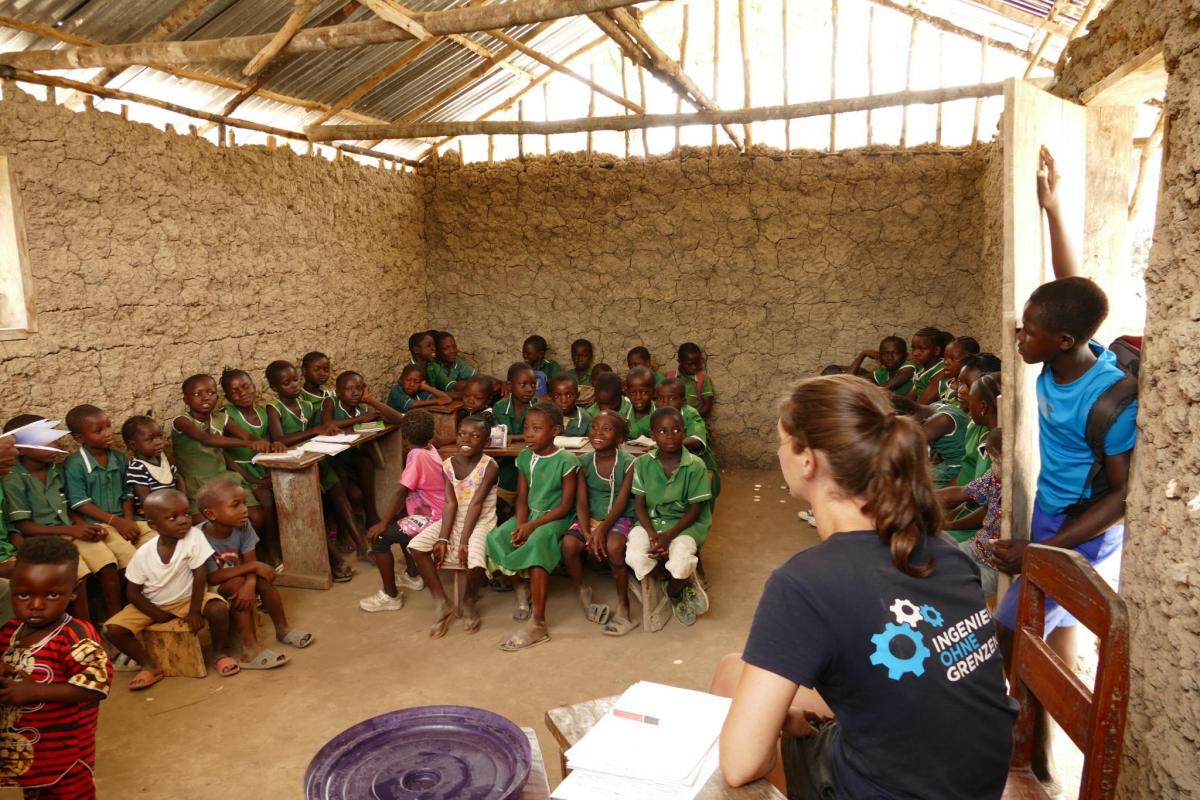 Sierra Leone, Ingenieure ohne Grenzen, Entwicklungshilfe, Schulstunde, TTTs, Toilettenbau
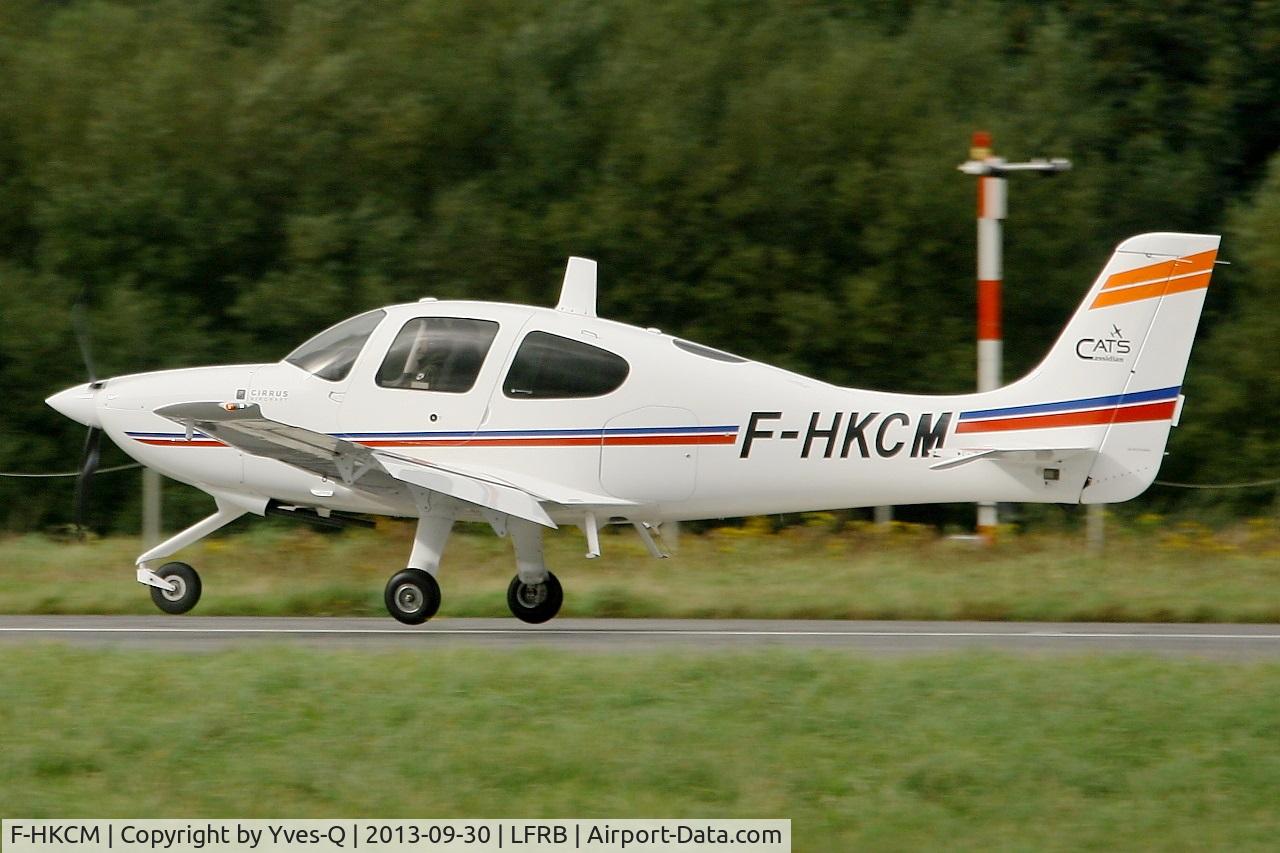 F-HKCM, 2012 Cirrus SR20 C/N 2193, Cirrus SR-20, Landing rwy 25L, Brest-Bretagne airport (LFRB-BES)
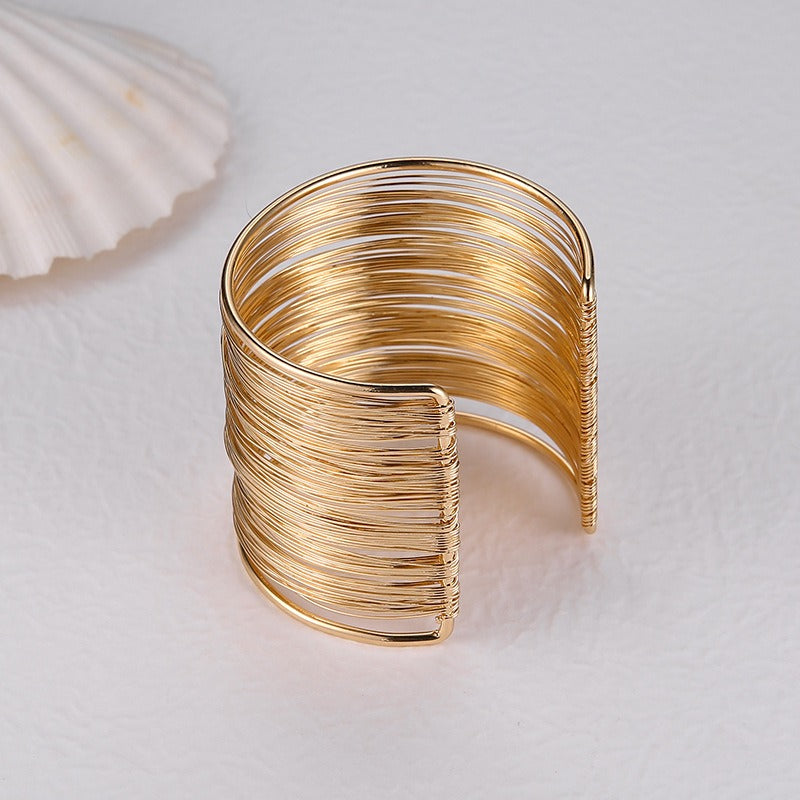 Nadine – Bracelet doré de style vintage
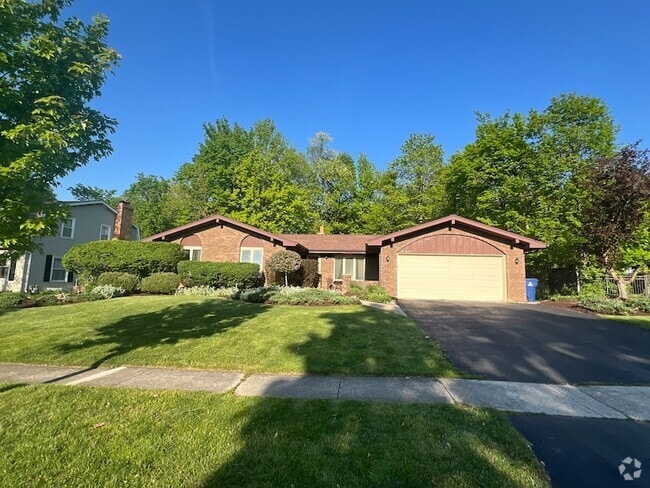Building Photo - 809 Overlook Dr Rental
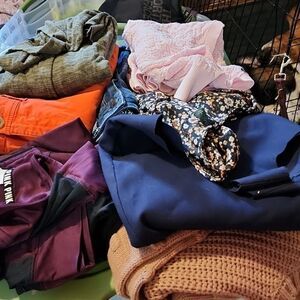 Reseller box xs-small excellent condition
::::
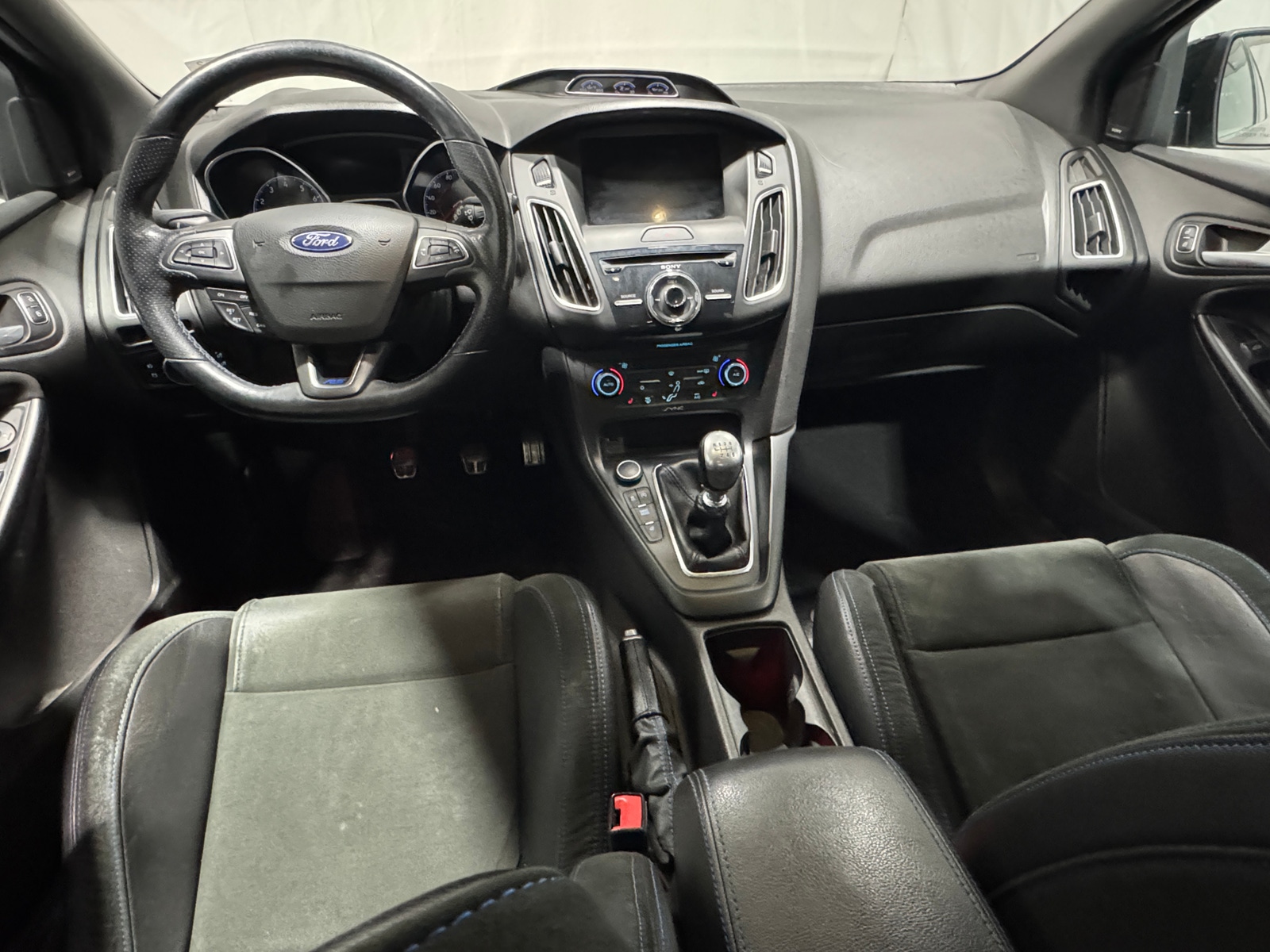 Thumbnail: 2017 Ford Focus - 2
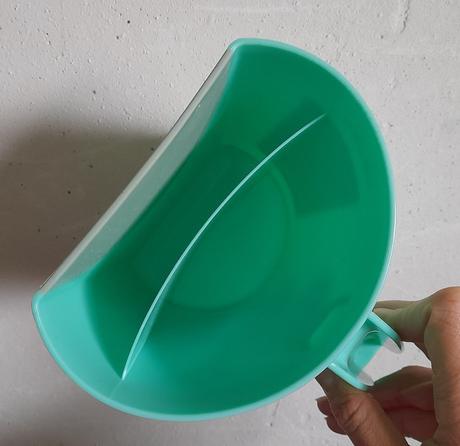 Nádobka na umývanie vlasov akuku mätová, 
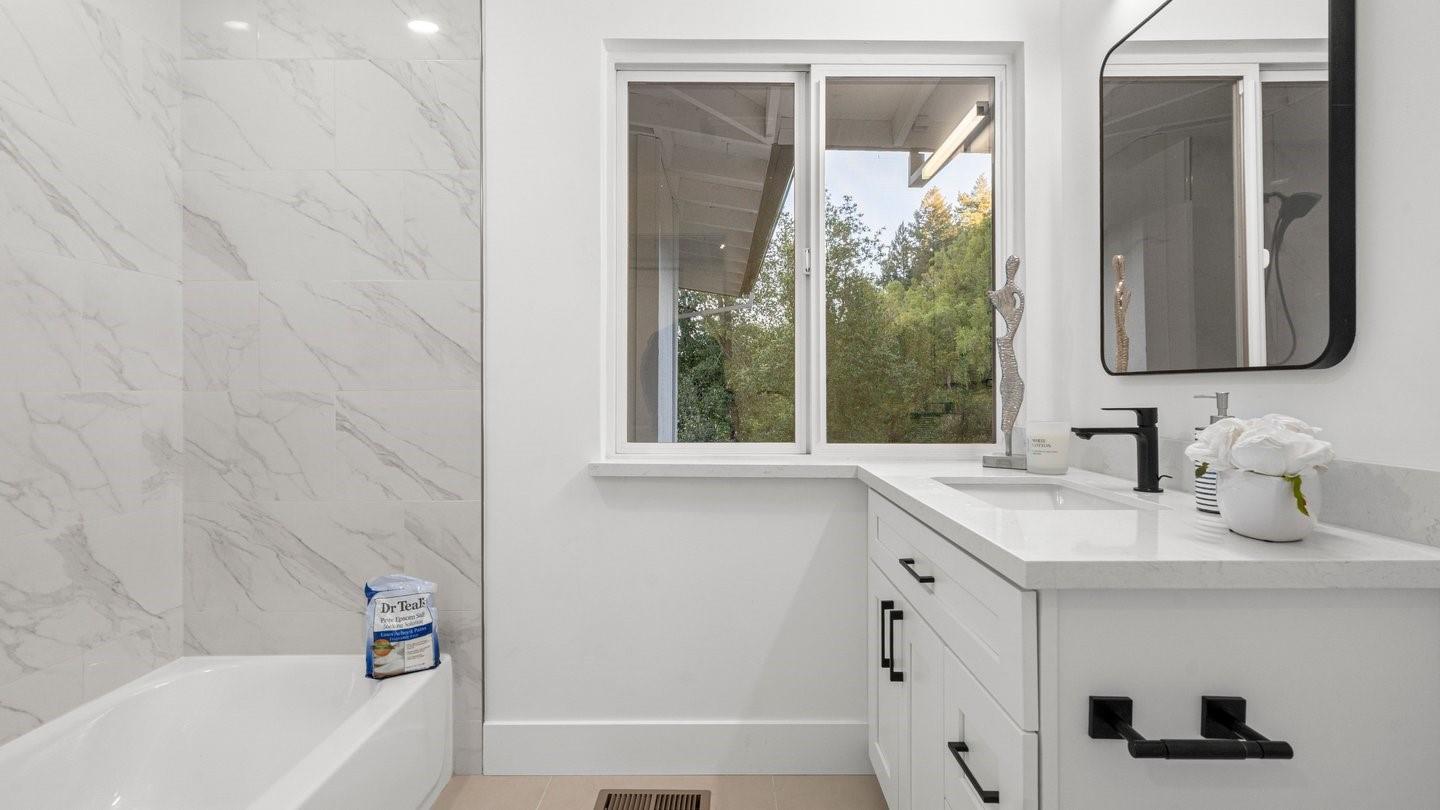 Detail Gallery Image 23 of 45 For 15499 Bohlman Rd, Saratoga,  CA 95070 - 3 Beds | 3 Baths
::::
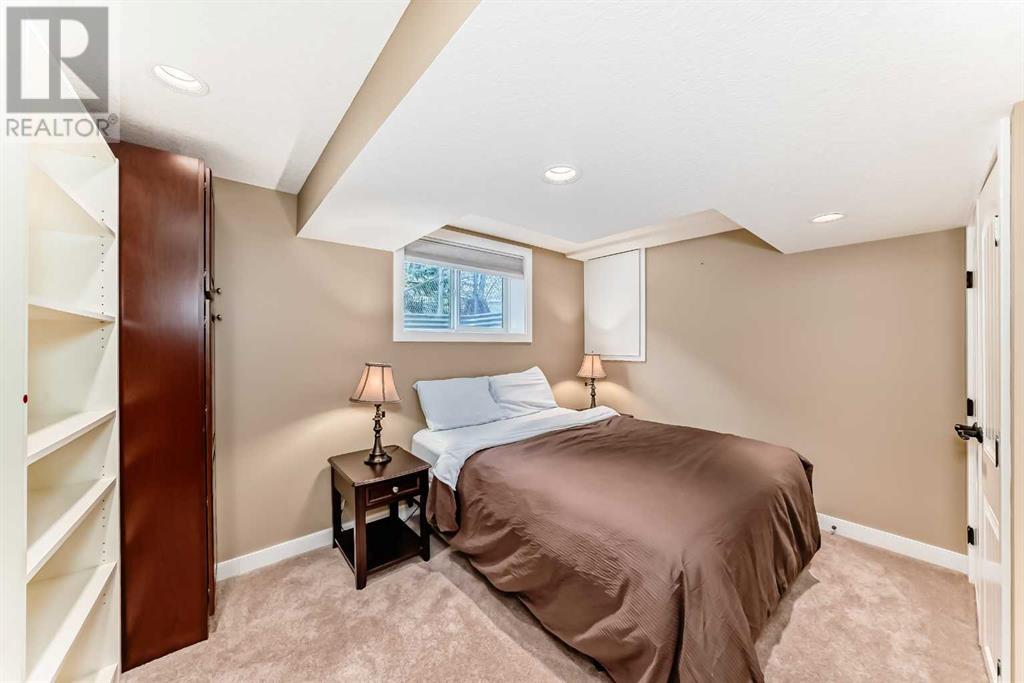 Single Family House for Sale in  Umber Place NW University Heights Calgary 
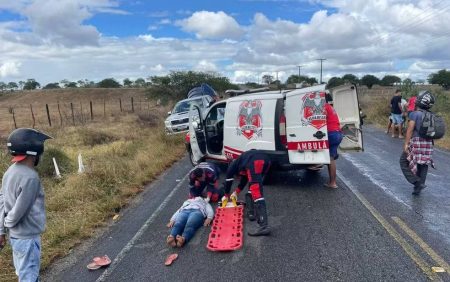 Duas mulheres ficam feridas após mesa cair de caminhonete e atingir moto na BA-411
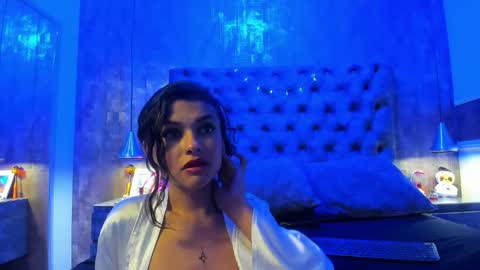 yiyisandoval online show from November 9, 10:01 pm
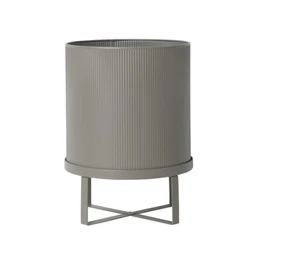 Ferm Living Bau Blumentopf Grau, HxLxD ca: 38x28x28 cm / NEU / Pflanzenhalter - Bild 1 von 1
::::
Would you restate, exactly and with no pictures, the lines of the entries above from the one containing "Sierra Leone, Ingenieure" through the one containing "Reseller box x"?

 Sierra Leone, Ingenieure ohne Grenzen, Entwicklungshilfe, Schulstunde, TTTs, Toilettenbau
 F-HKCM, 2012 Cirrus SR20 C/N 2193, Cirrus SR-20, Landing rwy 25L, Brest-Bretagne airport (LFRB-BES)
 Nadine – Bracelet doré de style vintage
Building Photo - 809 Overlook Dr Rental
 Reseller box xs-small excellent condition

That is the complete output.